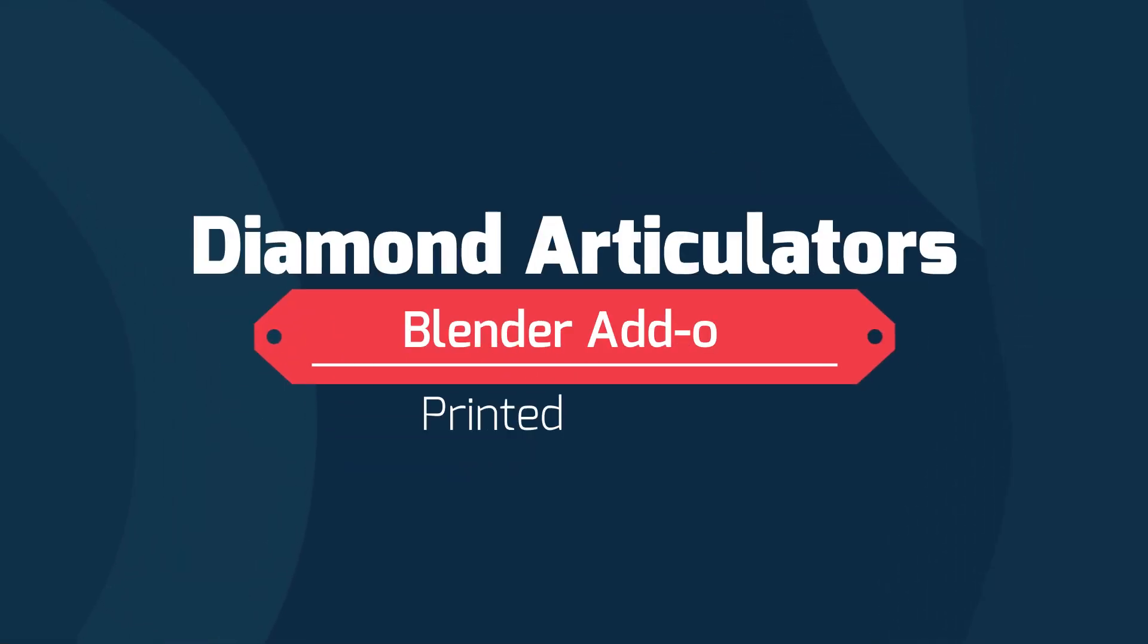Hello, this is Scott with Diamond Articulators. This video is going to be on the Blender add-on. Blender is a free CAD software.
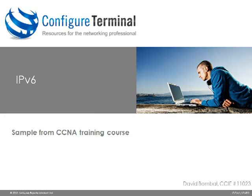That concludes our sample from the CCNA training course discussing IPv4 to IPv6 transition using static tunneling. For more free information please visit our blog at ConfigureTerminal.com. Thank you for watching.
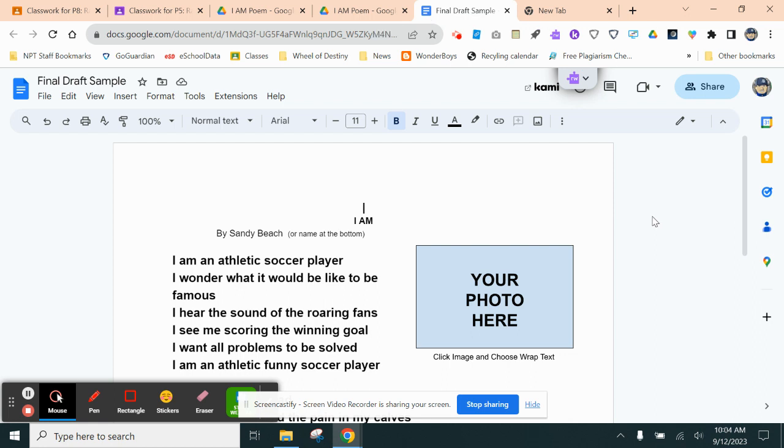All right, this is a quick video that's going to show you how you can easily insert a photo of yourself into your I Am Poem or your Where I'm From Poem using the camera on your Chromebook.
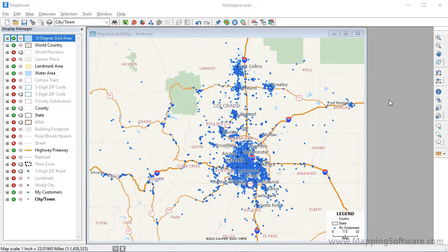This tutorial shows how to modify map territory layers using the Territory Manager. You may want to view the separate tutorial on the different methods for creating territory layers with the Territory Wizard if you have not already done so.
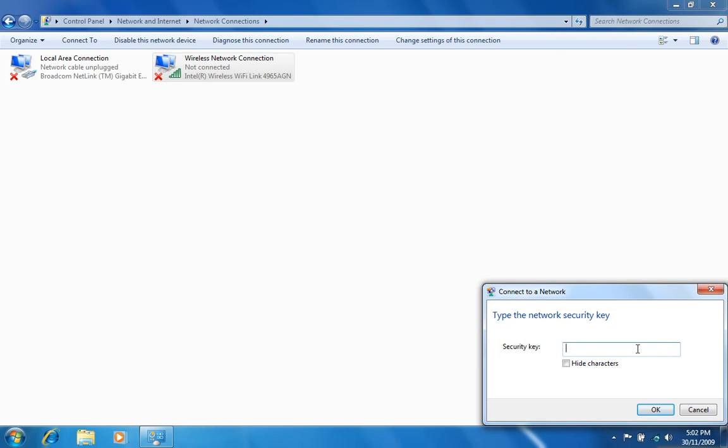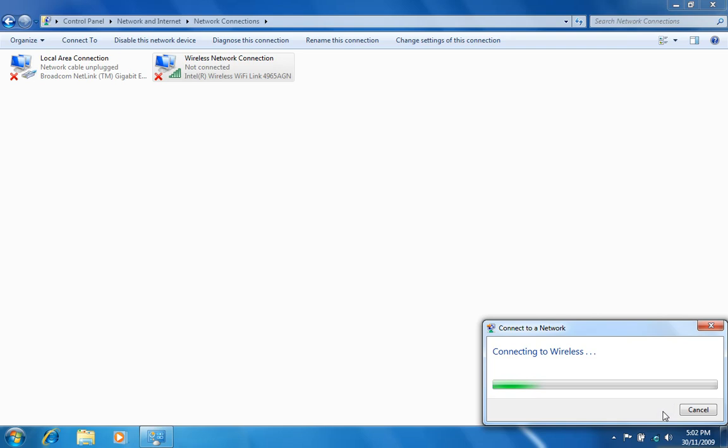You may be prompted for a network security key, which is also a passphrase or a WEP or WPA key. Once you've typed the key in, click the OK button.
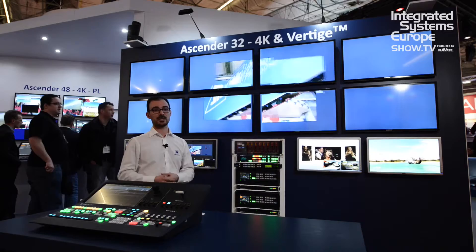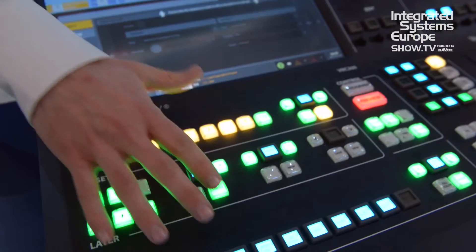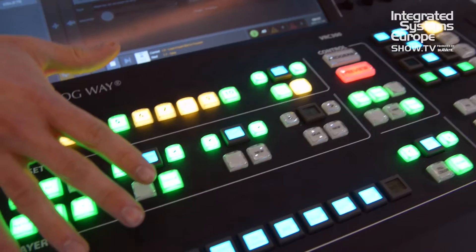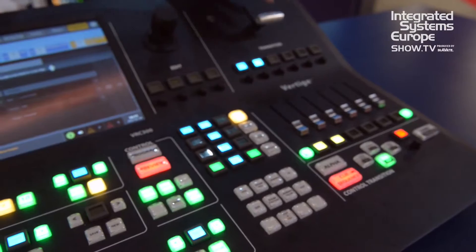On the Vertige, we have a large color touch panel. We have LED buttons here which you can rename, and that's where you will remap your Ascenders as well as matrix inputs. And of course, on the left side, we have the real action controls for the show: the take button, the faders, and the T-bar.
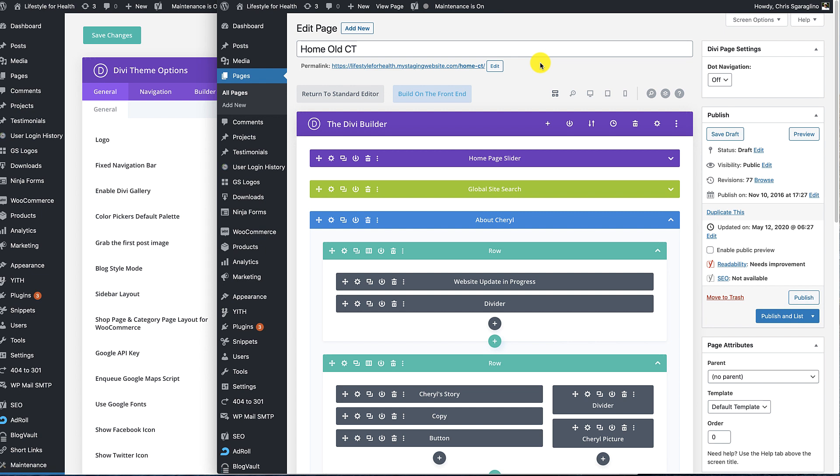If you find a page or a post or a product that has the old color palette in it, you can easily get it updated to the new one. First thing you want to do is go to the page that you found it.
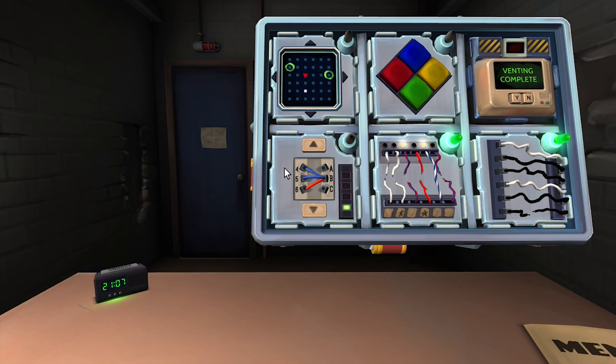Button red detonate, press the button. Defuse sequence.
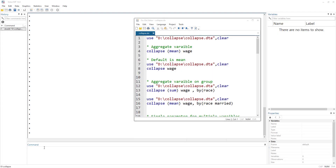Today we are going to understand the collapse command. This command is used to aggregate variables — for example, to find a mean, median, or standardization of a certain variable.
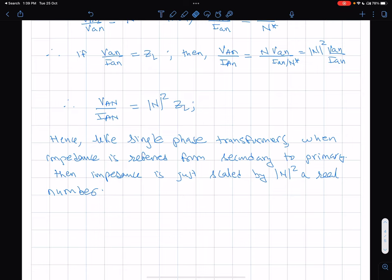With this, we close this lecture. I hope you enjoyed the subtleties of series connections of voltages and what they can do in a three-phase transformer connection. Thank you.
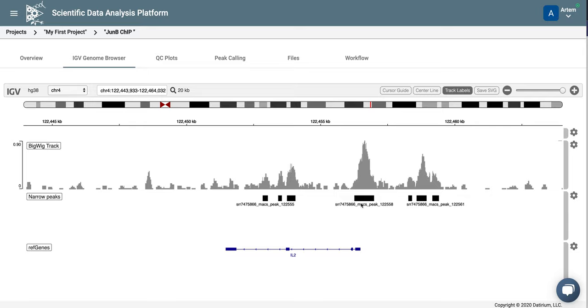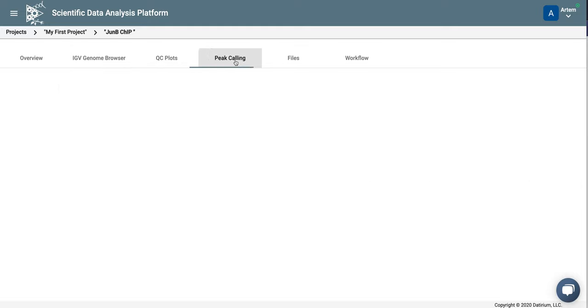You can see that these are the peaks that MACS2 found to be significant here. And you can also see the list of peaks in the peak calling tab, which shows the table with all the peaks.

== Task prompt ==
Write out the records once more, word for word, though without the pictures they contain.

== Answer box ==
Hello, this is Scott with Diamond Articulators. This video is going to be on the Blender add-on. Blender is a free CAD software.
That concludes our sample from the CCNA training course discussing IPv4 to IPv6 transition using static tunneling. For more free information please visit our blog at ConfigureTerminal.com. Thank you for watching.
All right, this is a quick video that's going to show you how you can easily insert a photo of yourself into your I Am Poem or your Where I'm From Poem using the camera on your Chromebook.
This tutorial shows how to modify map territory layers using the Territory Manager. You may want to view the separate tutorial on the different methods for creating territory layers with the Territory Wizard if you have not already done so.
You may be prompted for a network security key, which is also a passphrase or a WEP or WPA key. Once you've typed the key in, click the OK button.
On the Vertige, we have a large color touch panel. We have LED buttons here which you can rename, and that's where you will remap your Ascenders as well as matrix inputs. And of course, on the left side, we have the real action controls for the show: the take button, the faders, and the T-bar.
If you find a page or a post or a product that has the old color palette in it, you can easily get it updated to the new one. First thing you want to do is go to the page that you found it.
Button red detonate, press the button. Defuse sequence.
Today we are going to understand the collapse command. This command is used to aggregate variables — for example, to find a mean, median, or standardization of a certain variable.
With this, we close this lecture. I hope you enjoyed the subtleties of series connections of voltages and what they can do in a three-phase transformer connection. Thank you.
You can see that these are the peaks that MACS2 found to be significant here. And you can also see the list of peaks in the peak calling tab, which shows the table with all the peaks.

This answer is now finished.